Afortunadamente, con el viraje que se dió en el arte colombiano a partir de los años setenta, ese tipo de bodegón mal entendido perdió todo su atractivo para los jóvenes artistas. Sólo Santiago Cárdenas (en unos pocos cuadros sobre mesas de planchar y prendas de vestir) y Beatriz González (en dos mesas, una con cultas referencias y otra francamente popular), encontraron en el tema un vehículo importante para la expresión de unas ideas que habían abandonado ya el carácter, e incluso los soportes, del arte más tradicional. Otros artistas, como Botero, Grau, Tejada y Salcedo orientaron (al menos parcialmente) su interés en esta tradición hacia la tridimensionalidad.

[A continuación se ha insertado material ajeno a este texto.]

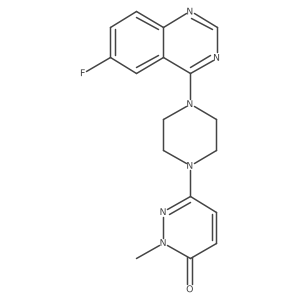 2741932-98-7 structure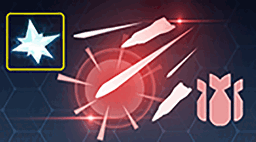 Resolute Materials
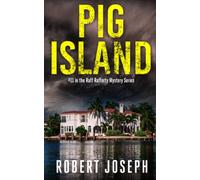 Pig Island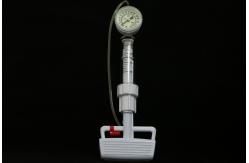 China Medtech Kyphoplasty Balloon Inflation Device Kit For Balloon Dilation In Surgery supplier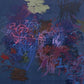 Blue Rise - Limited Edition Vinyl LP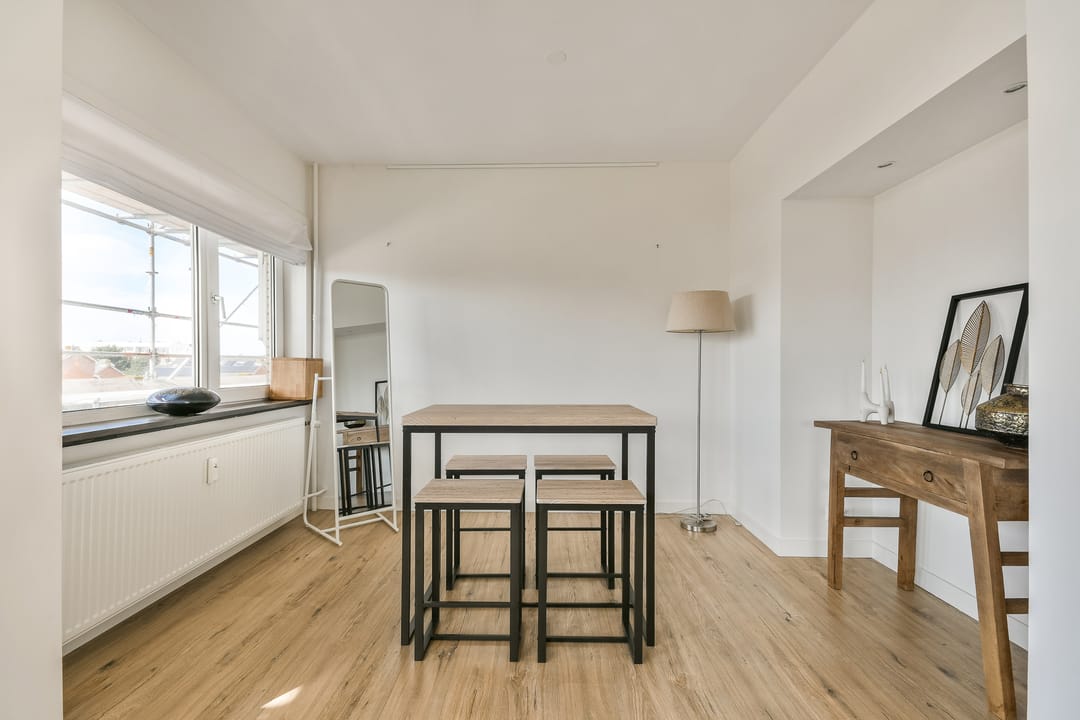 Foto 7 van Patrijzenstraat 22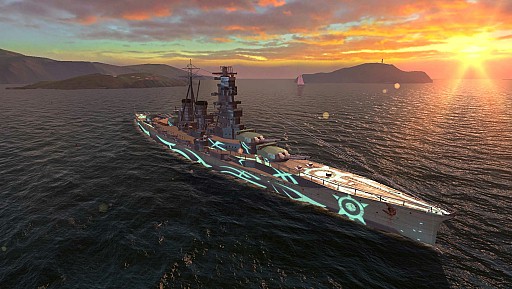 ���������꡼ No.005�Υ���ͥ������ / ����ϥ��ȥ饤���סߡ��󤭹ݤΥ���ڥ��� -���륹���Υ���-�פΥ���ܤ�������������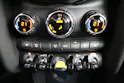 MINI F56 Cooper SE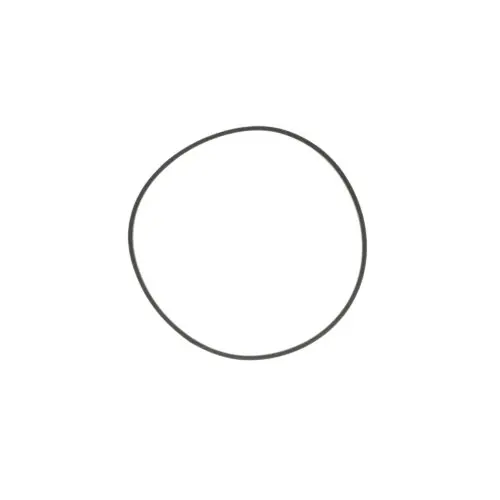 Toro V Belt AWD 140-2380 2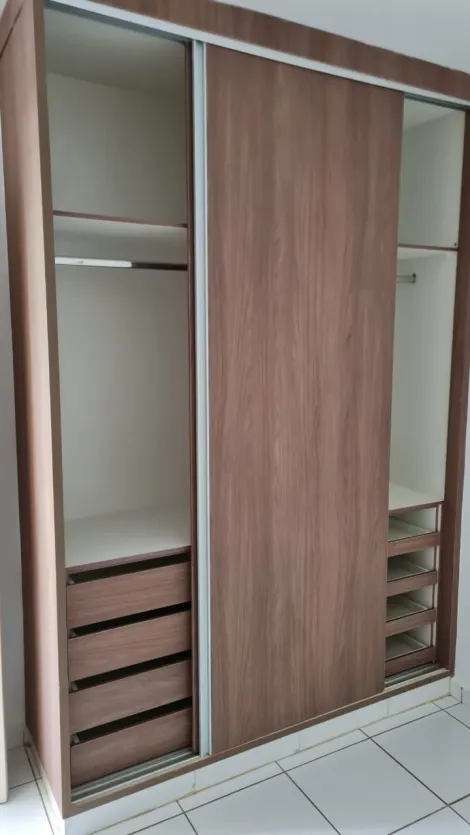 imagem 3 - APARTAMENTO NA RIBEIRÂNIA imagem 3 - APARTAMENTO NA RIBEIRÂNIA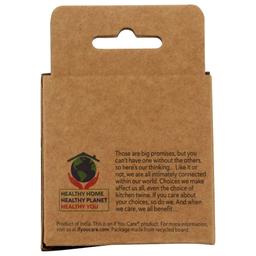 Product thumb gallery 4507327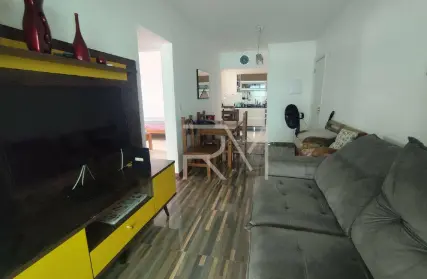 Imagem: Apartamento para Venda, Santa Eugênia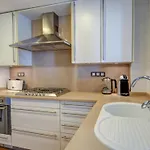 Apartment Balmins Surf By Hello Homes
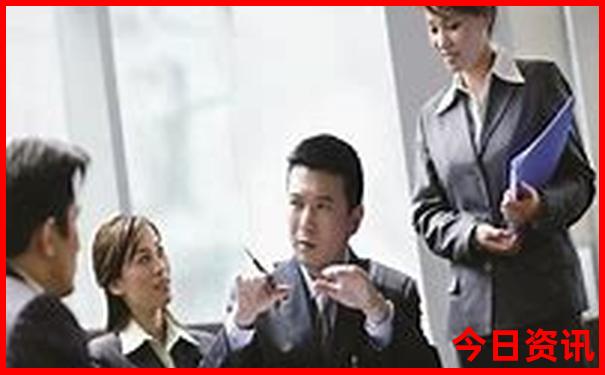 长沙周边适合带孩子玩的地方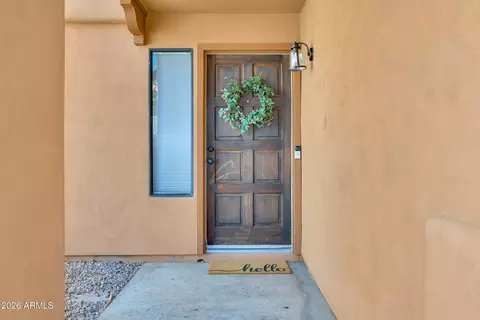 Other - 3509 E Verbena Dr, Phoenix, AZ 85044 photo 1 of 5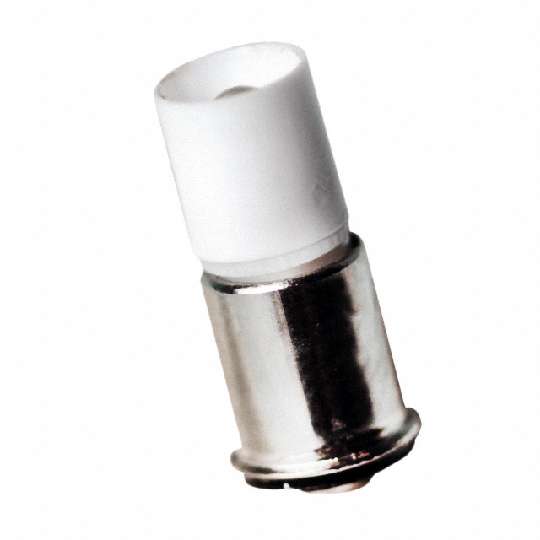 LE-MF-24W图片7
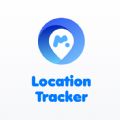 mLite GPS Location Tracker mod apk download  3.2.21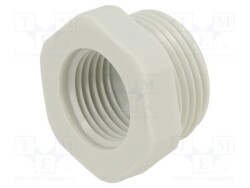 OBO-2030713 - OBO BETTERMANN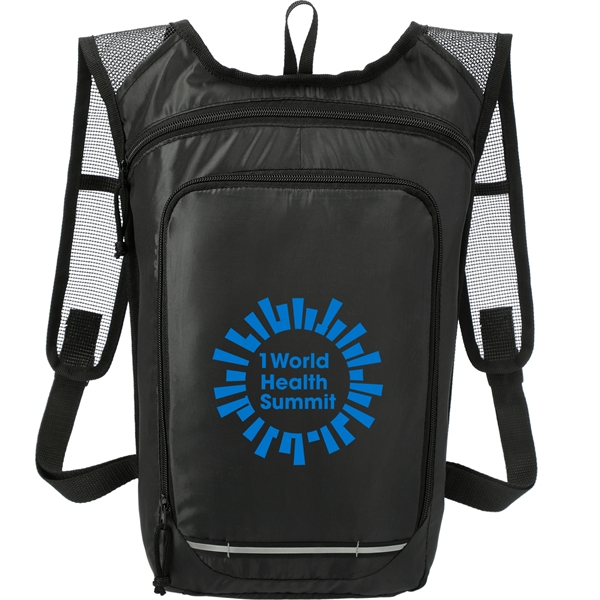 Trail Running Pack - Trail Running Pack - Image 0 of 1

Es posible, desde luego, que obras que han aparecido últimamente, como la de Gilmour (que mezcla expresionismo e ingenuidad) o como las de Iriarte y Cuartas (aunque parezcan de otro siglo), puedan algún día reivindicar el tema para la creatividad contemporánea. Pero quien mire honestamente el panorama más reciente de la pintura colombiana tendrá que concluir que, al menos por un tiempo, al bodegón tradicional lo sepultaron las agudas y profundas obras de Salcedo en la Segunda Bienal de Medellín. Salcedo, como se recordará, participó en esa Bienal con tres naturalezas muertas sobre el lienzo pero no pintadas sino escritas, haciendo claro y comprensible que el arte en cualquiera de sus formas no sólo debe ser producto de un trabajo con las manos, sino en primer lugar el resultado de un trabajo con la imaginación y con la mente.